Conclusions & next steps
Here, we took a look at some of the ways a gene expression level dataset can be explored using differential expression analysis. The intersection genes we examined as an example might be useful as indicators of changes in “brain-wide” processes occuring with dementia. Several of them have already been found to be associated with Alzheimer’s or other forms of dementia. You’ll find links to their Gene database entries and some summary information about them in this Google Sheet.
The next step is to develop features that we can use in subsequent models of dementia status. We’ll need to balance the desire to use as much of the information from the tissue samples as we can with the need to eliminate variables that would only contribute noise. Differential expression analysis gives us a way of reducing the size of the pool of potential gene expression features to include only those most likely to co-vary with dementia risk. To this end, we can reasonably use a combined list from a differential analysis on subgroups (like the brain region groups used here) as a way of reducing the size of the dataset. It should be noted that the amount of the reduction (or the number of genes we determine to be differentially-expressed) will depend on the filter settings we use prior to running the hypothesis tests (see the discussion of filtering in this previous post) and the adjusted p-value cutoff we choose.

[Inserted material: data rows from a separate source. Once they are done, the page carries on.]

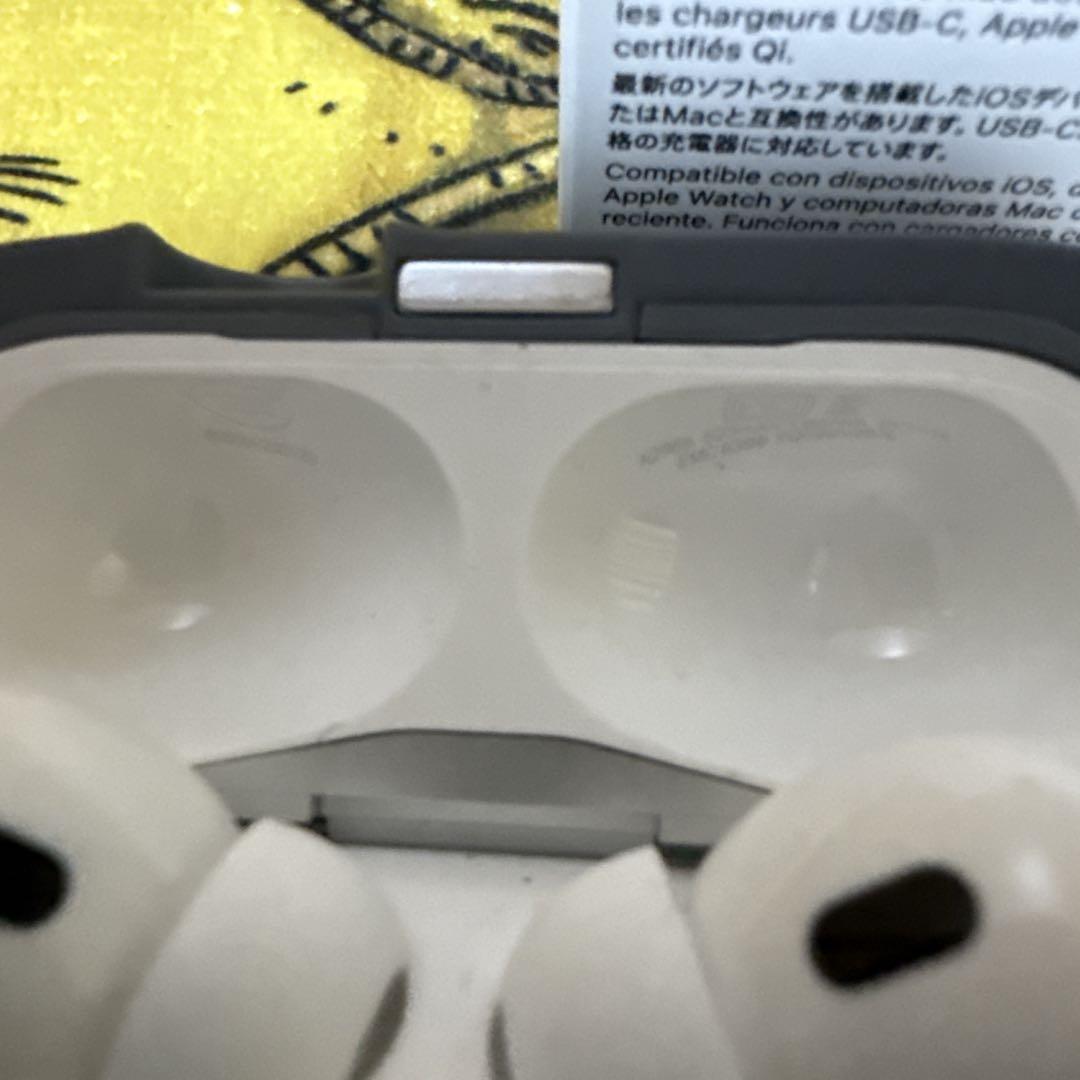 AirPods Pro 第2世代 MagSafe限定保証あり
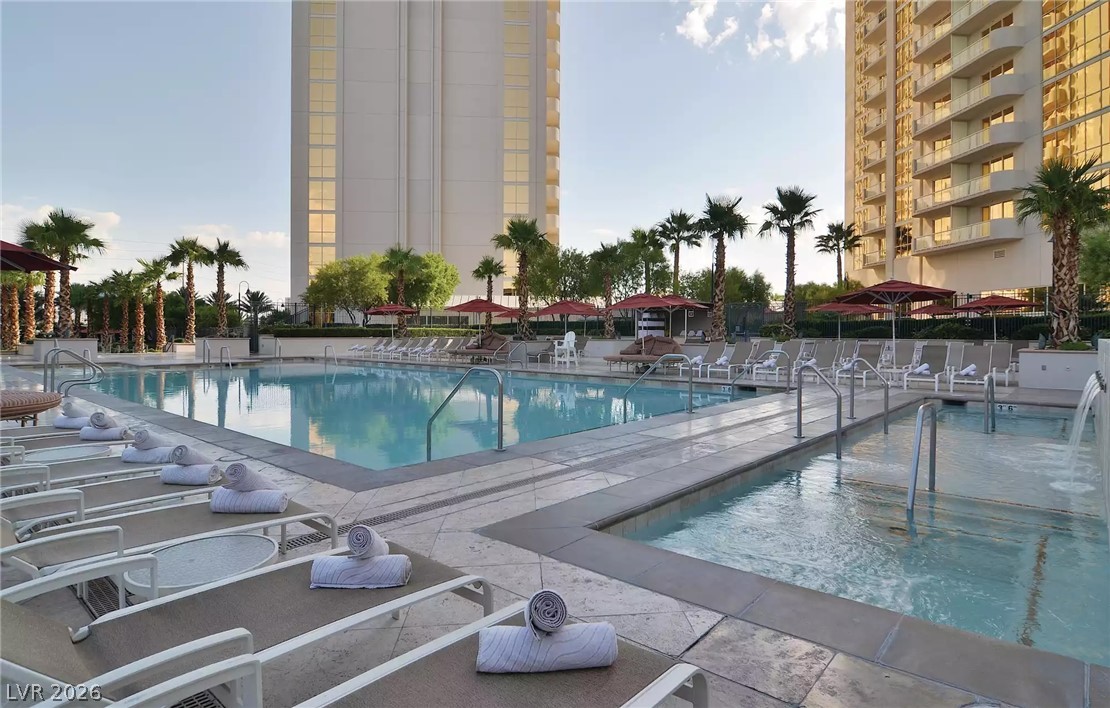 125 East Harmon Avenue 2902 Las Vegas NV 89109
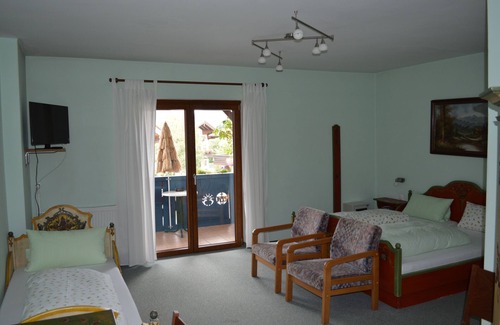 Inzell Hotel | Hotel Gasthaus Café Bavaria
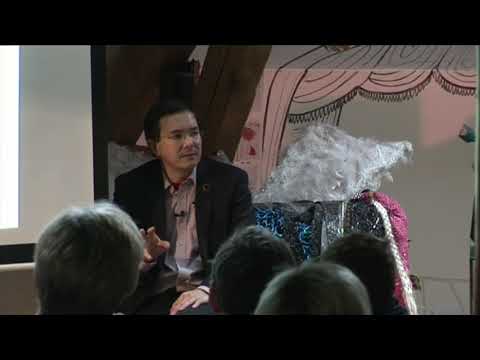 Shaun Tan on Developing Ideas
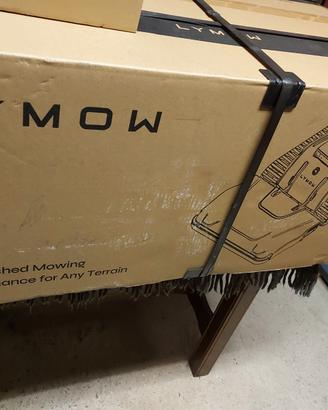 Robot tagliaerba lymow one nuovo mai usato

This method achieves the goal of modest reduction in dataset size while preserving those features most relevent to predicting dementia risk; for example, combining the lists of significant genes for the four brain regions that we generated here reduces the gene expression data set to 7180 genes. In the next step, we’ll look at ways of combining reduced feature sets into meaningful groups using unsupervised learning methods.